Generative recommendation models can model user behavior as sequences of events and provide a shared backbone for multiple recommendation tasks. In production, however, pre-training gains do not automatically translate into downstream application improvements: task headroom, repeated-training cost, serving latency, and item freshness all affect transfer.
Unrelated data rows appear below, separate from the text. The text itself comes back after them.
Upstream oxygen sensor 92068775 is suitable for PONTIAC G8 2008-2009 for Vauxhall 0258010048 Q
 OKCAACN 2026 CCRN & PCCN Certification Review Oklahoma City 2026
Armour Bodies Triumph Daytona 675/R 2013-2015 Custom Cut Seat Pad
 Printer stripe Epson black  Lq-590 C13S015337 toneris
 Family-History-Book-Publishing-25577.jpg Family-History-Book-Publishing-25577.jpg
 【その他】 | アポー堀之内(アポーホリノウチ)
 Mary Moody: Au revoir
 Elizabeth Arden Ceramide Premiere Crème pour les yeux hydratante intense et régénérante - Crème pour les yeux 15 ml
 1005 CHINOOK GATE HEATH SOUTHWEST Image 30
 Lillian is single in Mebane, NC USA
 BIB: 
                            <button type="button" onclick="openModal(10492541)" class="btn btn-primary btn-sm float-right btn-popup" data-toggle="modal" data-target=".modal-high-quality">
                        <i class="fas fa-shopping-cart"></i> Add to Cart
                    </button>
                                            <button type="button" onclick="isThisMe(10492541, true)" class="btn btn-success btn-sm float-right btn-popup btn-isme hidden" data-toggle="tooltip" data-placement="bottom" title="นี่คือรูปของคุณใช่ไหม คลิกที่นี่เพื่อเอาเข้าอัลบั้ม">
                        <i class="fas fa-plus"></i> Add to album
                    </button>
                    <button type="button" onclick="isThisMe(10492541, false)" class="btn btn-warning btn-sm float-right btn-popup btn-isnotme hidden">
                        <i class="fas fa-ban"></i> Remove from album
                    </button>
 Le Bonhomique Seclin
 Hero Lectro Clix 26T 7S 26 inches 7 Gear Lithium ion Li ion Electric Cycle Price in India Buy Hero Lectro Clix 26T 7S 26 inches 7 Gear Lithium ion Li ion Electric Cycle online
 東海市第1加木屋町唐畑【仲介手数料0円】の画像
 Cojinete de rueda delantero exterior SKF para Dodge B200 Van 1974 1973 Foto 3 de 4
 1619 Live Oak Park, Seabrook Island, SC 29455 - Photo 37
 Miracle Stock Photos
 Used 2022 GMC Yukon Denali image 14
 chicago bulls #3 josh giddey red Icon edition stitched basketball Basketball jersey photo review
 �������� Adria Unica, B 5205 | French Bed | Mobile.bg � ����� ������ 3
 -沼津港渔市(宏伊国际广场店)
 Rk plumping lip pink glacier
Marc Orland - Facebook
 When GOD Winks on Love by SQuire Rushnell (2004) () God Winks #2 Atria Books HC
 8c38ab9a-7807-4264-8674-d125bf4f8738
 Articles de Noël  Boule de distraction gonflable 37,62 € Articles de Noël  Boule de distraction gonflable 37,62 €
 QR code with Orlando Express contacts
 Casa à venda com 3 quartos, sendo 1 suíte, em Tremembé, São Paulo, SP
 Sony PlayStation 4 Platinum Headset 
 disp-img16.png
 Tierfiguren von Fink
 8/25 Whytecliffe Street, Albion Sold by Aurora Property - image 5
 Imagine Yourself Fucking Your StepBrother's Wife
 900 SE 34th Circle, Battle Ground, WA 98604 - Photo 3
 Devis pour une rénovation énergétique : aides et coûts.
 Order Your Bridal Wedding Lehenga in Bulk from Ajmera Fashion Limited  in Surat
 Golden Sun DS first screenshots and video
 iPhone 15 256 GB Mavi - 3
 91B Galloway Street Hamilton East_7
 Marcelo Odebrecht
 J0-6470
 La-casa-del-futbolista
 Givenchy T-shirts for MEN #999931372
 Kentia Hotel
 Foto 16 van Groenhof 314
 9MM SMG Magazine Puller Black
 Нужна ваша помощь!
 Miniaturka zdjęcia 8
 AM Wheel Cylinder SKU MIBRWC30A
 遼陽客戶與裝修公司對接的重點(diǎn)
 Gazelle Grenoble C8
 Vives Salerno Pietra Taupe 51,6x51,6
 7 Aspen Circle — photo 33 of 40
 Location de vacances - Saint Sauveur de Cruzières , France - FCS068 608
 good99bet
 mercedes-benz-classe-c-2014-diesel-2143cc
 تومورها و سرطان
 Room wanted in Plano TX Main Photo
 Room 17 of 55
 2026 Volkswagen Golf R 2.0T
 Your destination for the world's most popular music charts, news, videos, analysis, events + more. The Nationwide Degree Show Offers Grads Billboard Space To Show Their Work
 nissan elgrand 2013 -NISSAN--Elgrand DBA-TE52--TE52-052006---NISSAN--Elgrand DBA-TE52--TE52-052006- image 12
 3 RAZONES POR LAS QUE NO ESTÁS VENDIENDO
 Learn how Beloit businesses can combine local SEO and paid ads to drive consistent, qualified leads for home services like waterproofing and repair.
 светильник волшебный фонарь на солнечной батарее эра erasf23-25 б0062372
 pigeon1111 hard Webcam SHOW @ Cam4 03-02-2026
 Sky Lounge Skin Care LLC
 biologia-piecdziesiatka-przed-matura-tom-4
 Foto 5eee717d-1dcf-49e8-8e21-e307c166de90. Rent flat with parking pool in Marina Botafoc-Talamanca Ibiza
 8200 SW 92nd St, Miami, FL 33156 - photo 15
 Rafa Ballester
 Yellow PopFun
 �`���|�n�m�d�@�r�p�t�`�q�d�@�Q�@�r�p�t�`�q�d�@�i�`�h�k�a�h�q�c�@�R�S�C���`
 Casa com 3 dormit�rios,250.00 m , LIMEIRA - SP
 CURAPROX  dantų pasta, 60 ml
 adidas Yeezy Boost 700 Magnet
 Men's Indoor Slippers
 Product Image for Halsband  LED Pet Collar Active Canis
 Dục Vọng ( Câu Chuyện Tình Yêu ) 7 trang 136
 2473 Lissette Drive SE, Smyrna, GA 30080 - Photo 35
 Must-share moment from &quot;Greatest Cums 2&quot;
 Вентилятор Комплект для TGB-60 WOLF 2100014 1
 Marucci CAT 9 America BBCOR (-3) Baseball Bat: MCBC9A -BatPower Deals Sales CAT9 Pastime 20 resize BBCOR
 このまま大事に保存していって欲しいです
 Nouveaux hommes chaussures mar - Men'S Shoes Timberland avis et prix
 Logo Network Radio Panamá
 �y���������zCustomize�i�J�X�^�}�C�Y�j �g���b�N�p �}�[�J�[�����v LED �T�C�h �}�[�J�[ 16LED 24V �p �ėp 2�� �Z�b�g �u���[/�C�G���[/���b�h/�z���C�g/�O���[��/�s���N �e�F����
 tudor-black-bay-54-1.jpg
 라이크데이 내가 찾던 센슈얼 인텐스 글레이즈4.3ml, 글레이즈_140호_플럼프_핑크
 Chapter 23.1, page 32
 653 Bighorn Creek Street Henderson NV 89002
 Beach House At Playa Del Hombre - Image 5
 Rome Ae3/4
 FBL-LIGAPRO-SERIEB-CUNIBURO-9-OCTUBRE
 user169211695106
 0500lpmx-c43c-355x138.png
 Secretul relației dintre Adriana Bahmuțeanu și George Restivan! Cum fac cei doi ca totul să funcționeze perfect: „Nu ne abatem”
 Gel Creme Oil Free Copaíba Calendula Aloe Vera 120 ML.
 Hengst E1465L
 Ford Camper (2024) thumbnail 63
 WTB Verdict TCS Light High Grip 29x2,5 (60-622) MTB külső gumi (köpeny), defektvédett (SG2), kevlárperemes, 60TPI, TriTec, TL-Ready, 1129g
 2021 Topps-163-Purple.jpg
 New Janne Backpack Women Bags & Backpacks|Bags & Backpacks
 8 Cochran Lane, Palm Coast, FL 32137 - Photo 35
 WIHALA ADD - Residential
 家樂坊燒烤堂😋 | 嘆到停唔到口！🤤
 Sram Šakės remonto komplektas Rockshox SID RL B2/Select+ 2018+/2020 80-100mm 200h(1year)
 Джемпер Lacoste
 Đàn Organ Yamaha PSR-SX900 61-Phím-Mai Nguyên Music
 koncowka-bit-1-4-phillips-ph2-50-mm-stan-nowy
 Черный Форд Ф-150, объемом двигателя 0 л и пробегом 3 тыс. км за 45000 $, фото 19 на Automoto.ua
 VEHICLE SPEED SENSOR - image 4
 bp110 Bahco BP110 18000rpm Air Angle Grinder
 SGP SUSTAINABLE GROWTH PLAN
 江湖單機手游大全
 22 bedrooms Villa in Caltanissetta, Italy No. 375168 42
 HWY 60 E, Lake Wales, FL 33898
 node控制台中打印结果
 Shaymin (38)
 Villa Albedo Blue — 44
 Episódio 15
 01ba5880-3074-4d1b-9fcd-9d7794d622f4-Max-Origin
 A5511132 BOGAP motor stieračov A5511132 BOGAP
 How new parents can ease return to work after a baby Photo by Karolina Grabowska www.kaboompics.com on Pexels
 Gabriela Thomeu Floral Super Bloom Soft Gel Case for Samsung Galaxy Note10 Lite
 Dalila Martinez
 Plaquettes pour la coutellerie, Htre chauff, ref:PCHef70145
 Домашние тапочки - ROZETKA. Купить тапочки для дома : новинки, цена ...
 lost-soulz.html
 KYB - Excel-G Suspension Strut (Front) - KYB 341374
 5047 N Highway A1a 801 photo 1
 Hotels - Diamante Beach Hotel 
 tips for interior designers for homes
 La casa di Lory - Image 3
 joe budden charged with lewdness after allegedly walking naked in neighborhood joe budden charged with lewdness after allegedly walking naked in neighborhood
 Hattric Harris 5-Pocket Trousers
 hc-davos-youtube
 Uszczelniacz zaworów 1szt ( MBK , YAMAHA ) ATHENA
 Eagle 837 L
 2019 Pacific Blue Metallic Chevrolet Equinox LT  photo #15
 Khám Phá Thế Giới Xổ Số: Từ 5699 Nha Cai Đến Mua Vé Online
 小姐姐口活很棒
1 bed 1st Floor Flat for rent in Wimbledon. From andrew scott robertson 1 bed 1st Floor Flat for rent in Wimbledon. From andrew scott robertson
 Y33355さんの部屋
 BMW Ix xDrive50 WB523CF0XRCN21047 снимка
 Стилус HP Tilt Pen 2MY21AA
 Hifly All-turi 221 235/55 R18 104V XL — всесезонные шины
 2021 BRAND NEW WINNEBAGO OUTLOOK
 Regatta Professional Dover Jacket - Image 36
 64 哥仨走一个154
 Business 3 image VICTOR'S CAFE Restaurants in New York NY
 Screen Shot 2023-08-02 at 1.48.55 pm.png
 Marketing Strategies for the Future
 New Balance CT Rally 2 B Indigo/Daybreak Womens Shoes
We describe our experience scaling a generative recommender from 2M to 1B backbone parameters, excluding embedding and decoding layers, in a production-scale title recommendation setting. Across multiple downstream tasks, we observe task-dependent scaling behavior: some tasks approach an empirical ceiling within the observed scale range, while others continue to benefit from additional capacity. This motivates using offset scaling-law fits as a diagnostic for where additional model scale may be more or less useful. We then study production constraints that arise when applying the model in practice. Frequent retraining over trillions of behavior tokens makes training and decoding efficiency important; cached serving can make the immediate next-token target stale; and newly launched titles may need to be scored from semantic metadata before collaborative ID embeddings are reliable. We address these issues with multi-token prediction for serving-latency alignment, sampled softmax and a projected decoding head for efficient repeated training, and semantic item towers with collaborative-embedding masking for cold-start adaptation. In a one-week production-shadow evaluation over 1M users, the 1B-backbone model achieves higher MRR than the 2M-backbone baseline across all reported tasks. Overall, the results support treating model scale as one component of a production transfer problem, alongside task headroom, decoding cost, serving-latency alignment, and item generalization.